_Directions_:
Starting at the line that contains "中古・古着通販】UMBRO (アンブロ) Diaspora Skateboards", write out each line through the end of the data below, exactly as it stands. Skip any pictures.
Provided material START
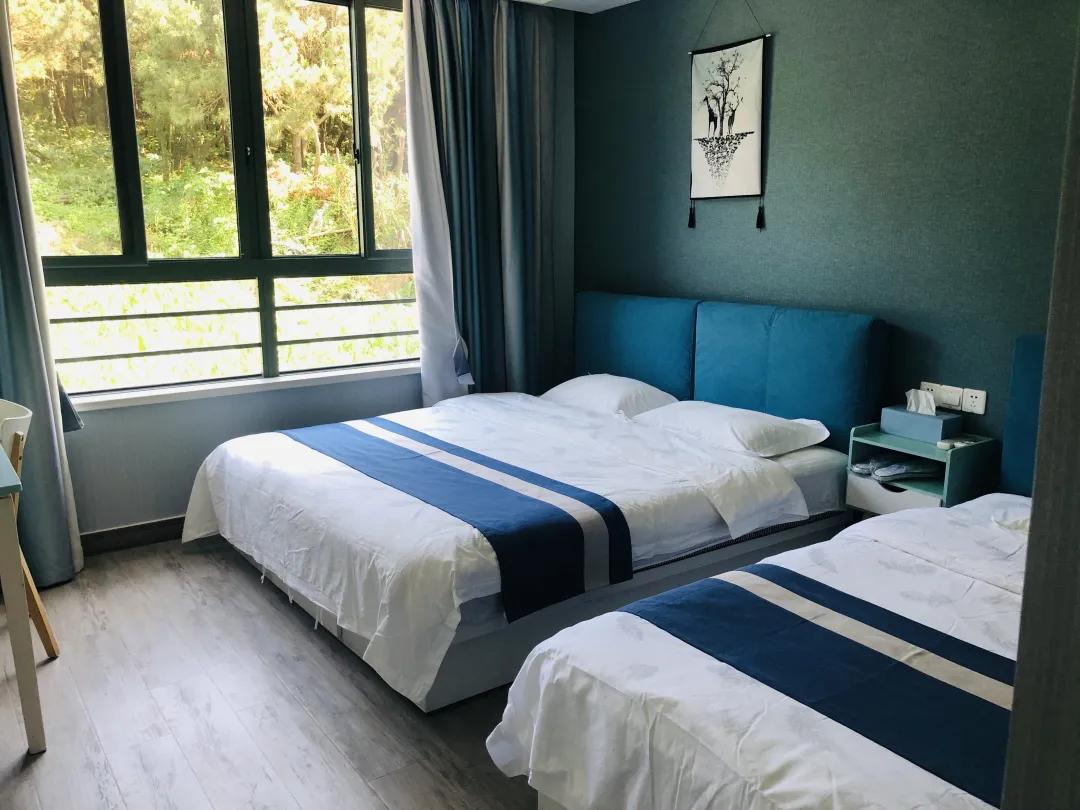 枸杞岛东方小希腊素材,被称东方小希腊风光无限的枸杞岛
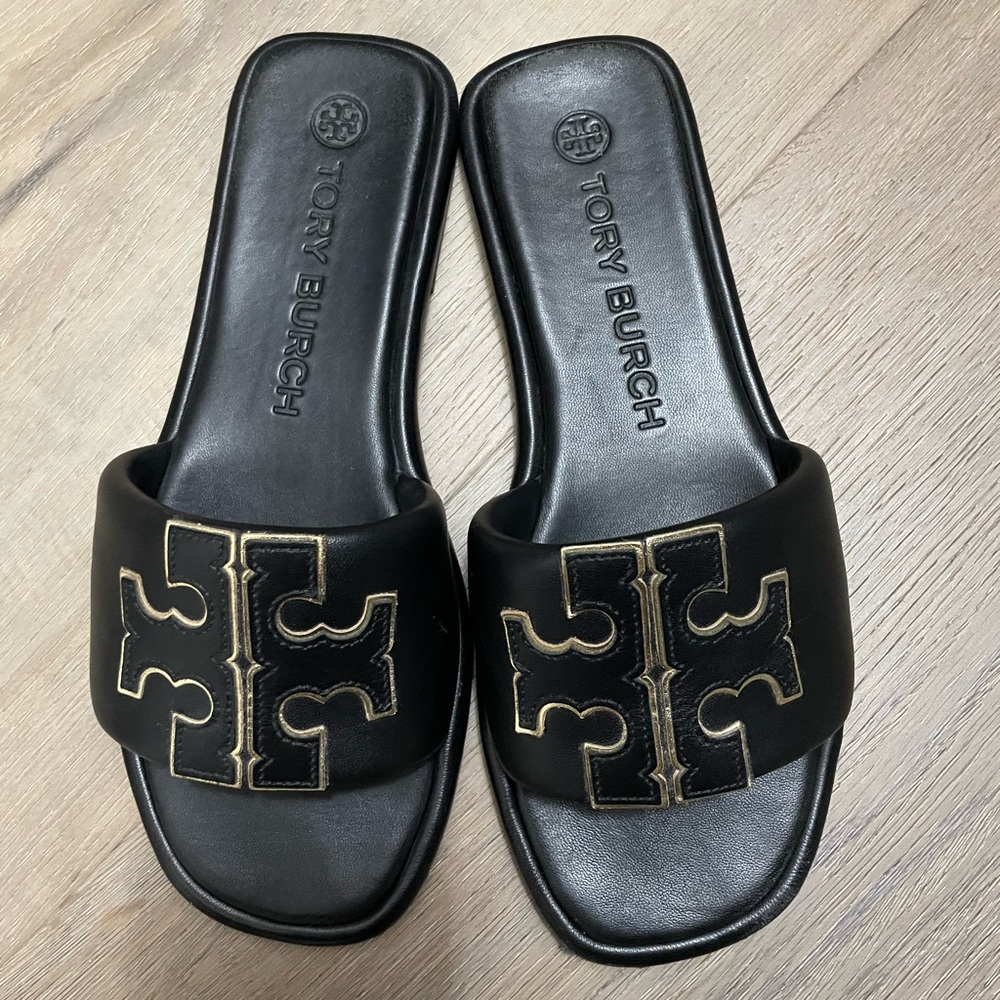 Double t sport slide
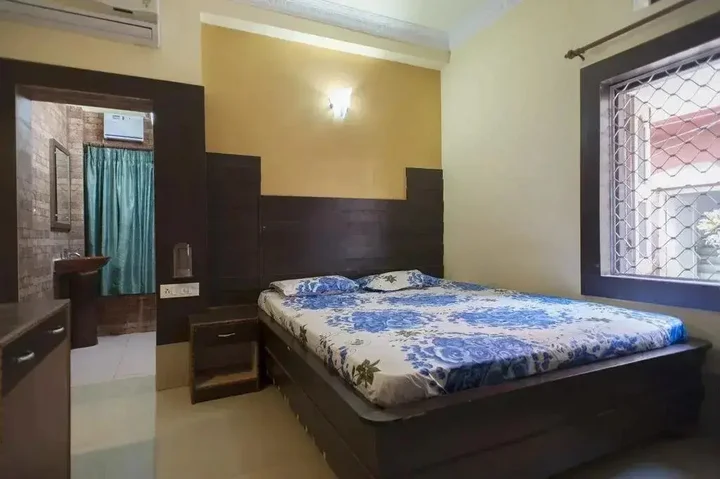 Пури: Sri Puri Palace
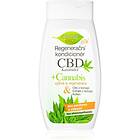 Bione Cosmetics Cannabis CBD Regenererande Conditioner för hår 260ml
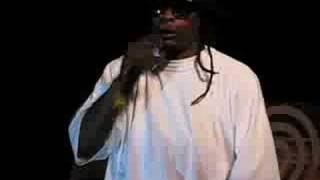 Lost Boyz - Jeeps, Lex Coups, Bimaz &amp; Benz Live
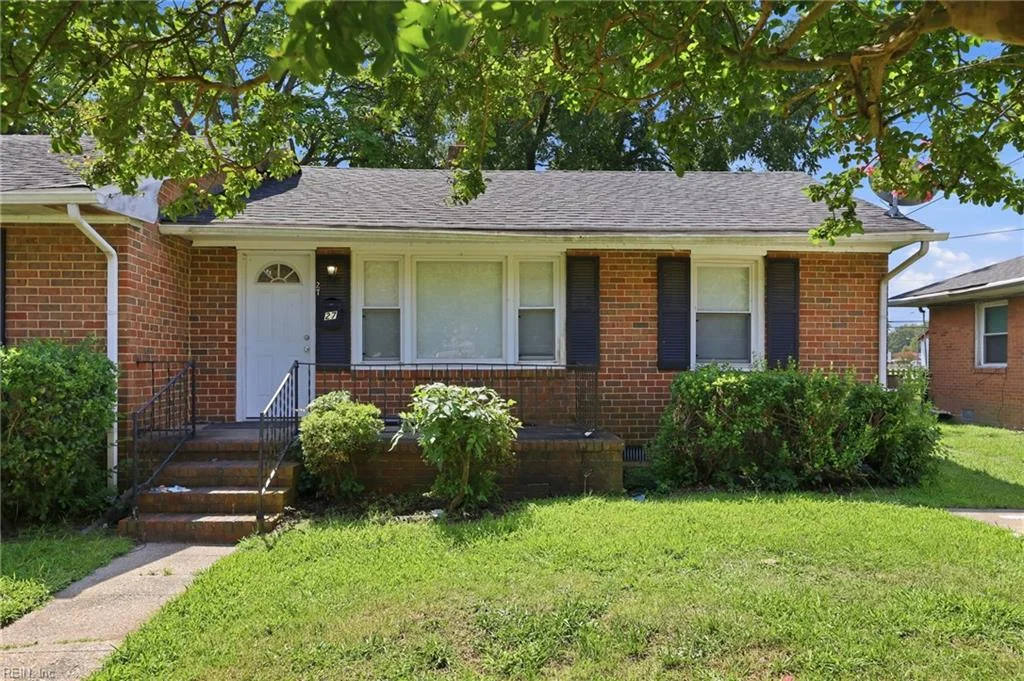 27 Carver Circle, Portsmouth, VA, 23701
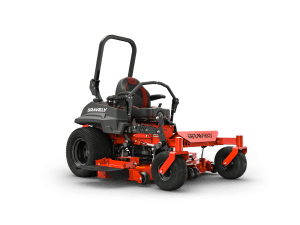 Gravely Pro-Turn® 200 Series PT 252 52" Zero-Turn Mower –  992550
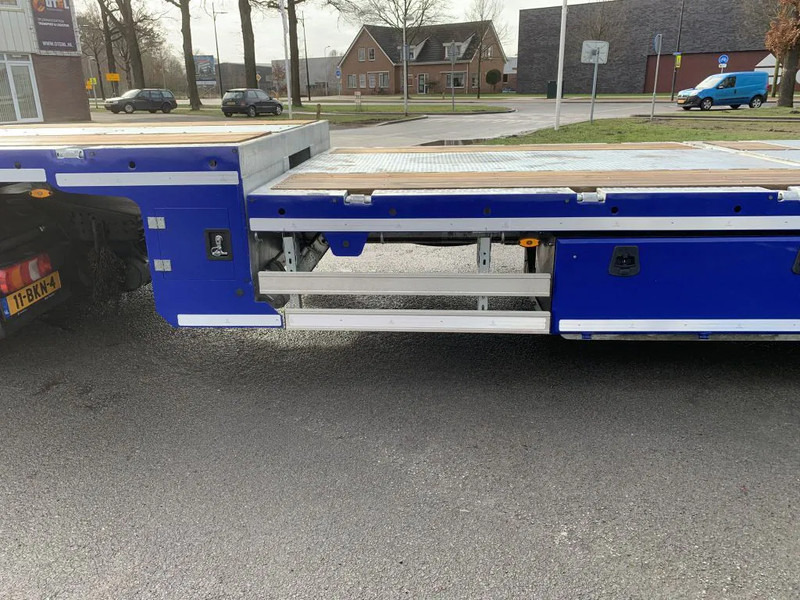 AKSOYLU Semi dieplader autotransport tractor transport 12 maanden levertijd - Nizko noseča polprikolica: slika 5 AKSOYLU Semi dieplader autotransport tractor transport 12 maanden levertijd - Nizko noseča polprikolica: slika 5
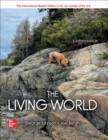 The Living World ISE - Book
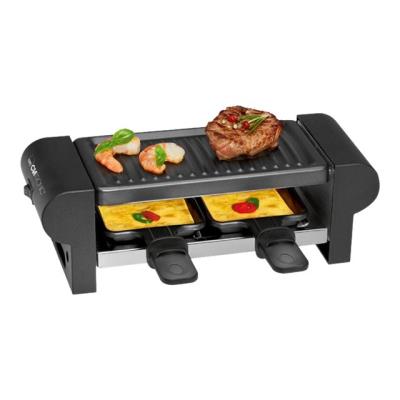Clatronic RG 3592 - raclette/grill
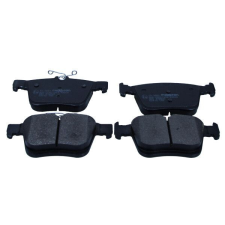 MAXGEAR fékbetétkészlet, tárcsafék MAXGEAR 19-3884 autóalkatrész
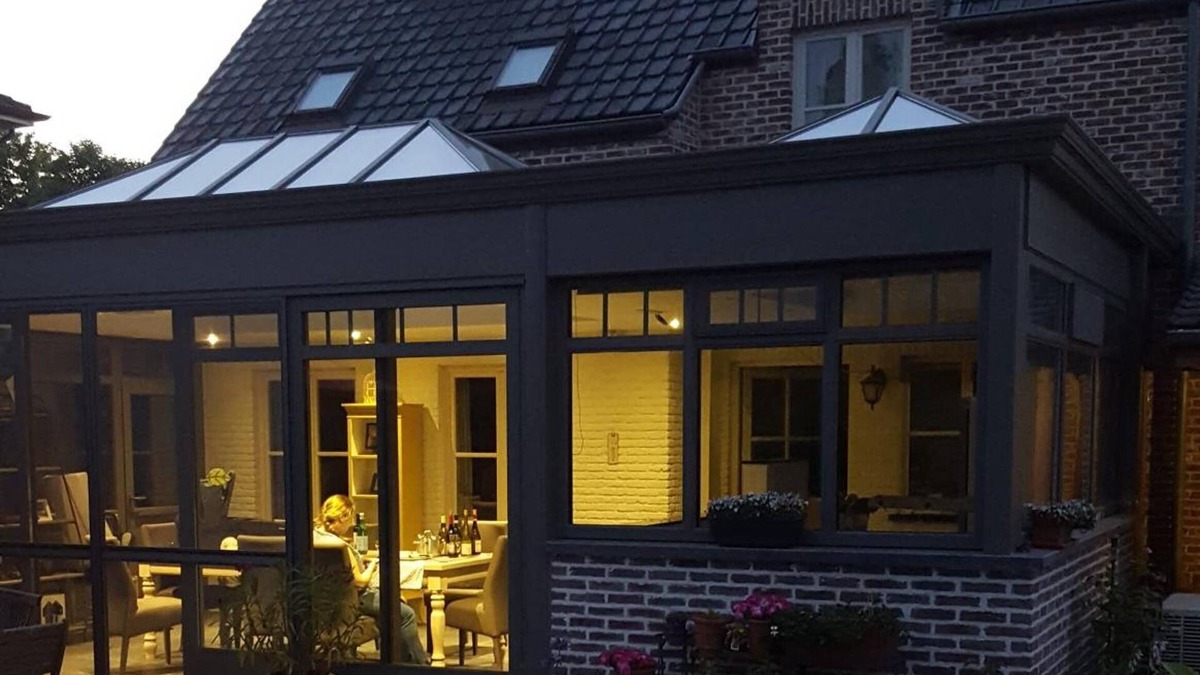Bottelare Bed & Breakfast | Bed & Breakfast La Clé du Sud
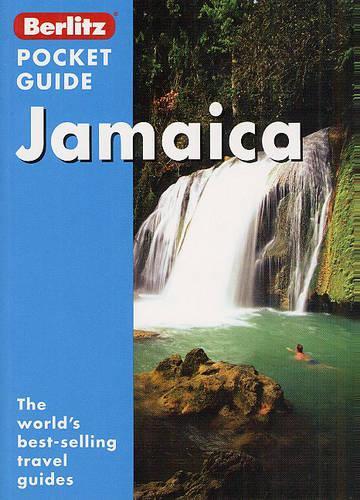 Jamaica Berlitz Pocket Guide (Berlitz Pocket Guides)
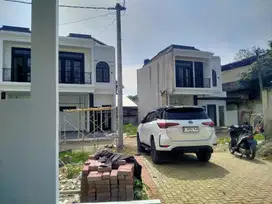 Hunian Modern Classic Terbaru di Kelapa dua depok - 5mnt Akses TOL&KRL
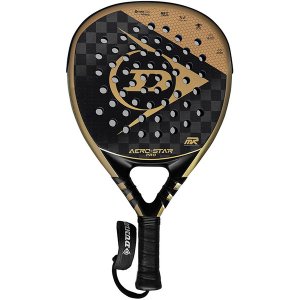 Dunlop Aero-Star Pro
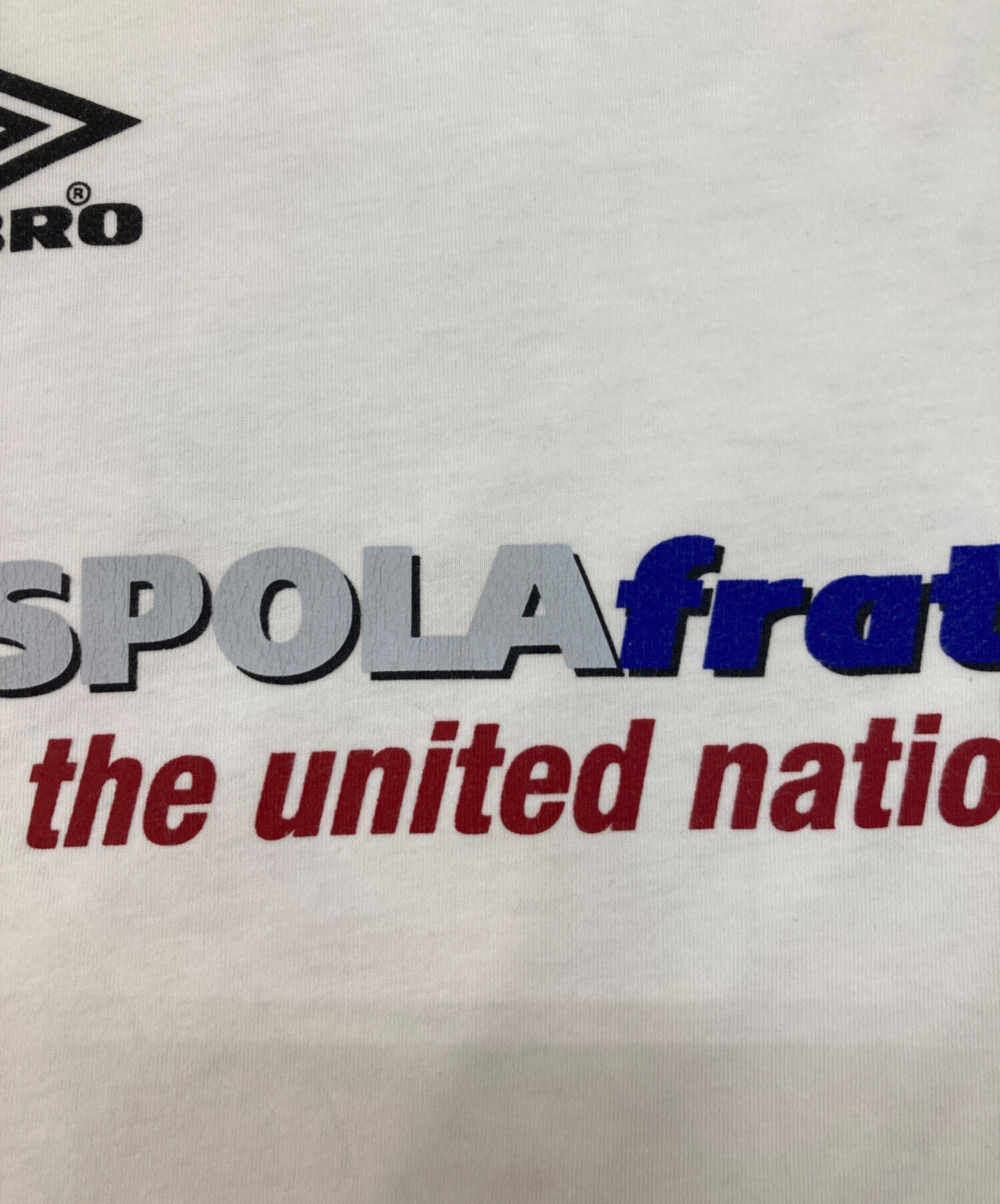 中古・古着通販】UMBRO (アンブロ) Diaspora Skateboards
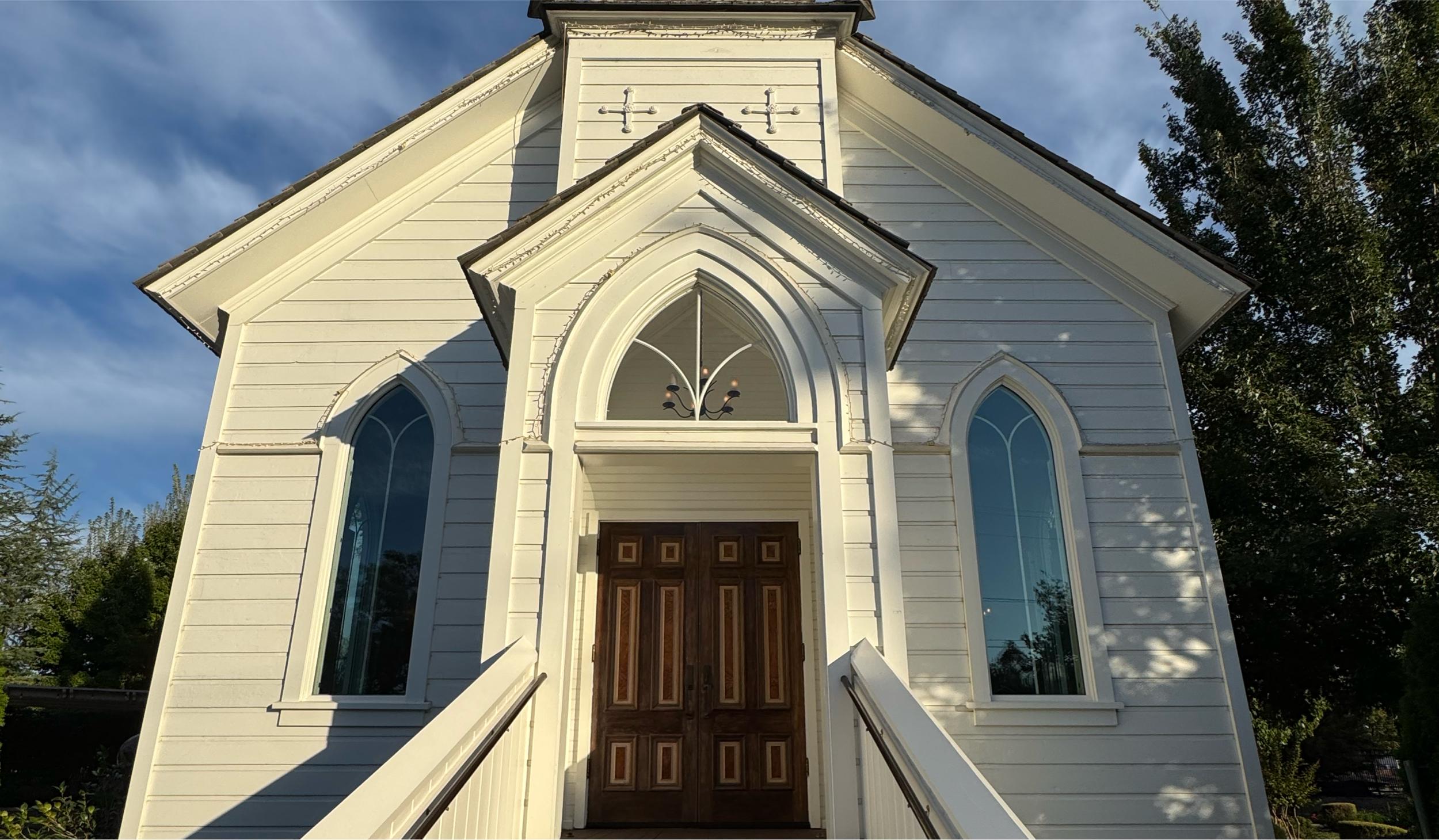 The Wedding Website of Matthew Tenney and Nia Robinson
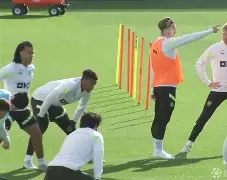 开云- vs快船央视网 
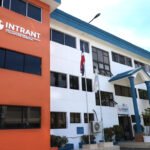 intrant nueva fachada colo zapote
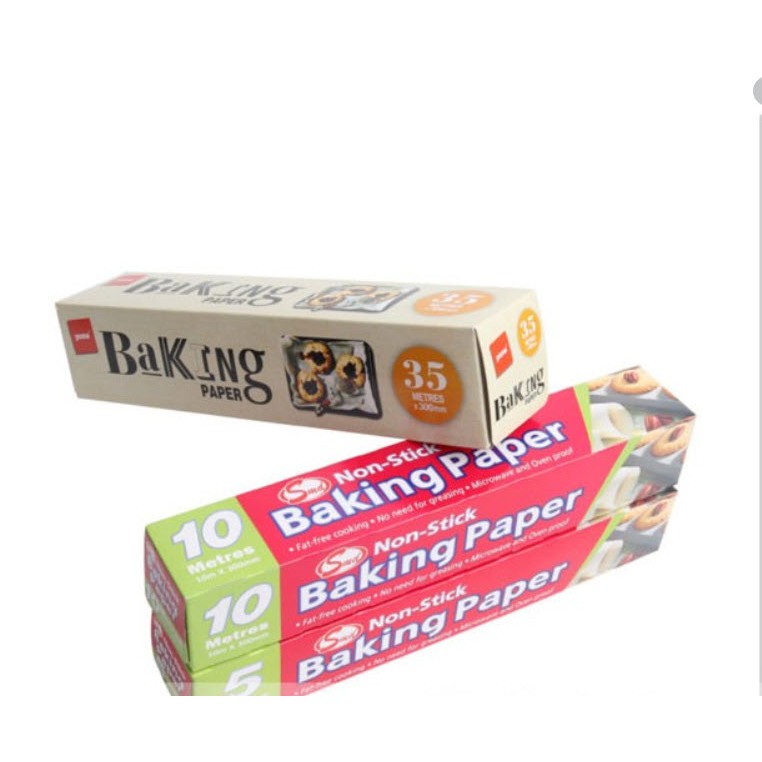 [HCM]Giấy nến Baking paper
Provided material END
_Answer area_:
 中古・古着通販】UMBRO (アンブロ) Diaspora Skateboards
 The Wedding Website of Matthew Tenney and Nia Robinson
 开云- vs快船央视网 
 intrant nueva fachada colo zapote
 [HCM]Giấy nến Baking paper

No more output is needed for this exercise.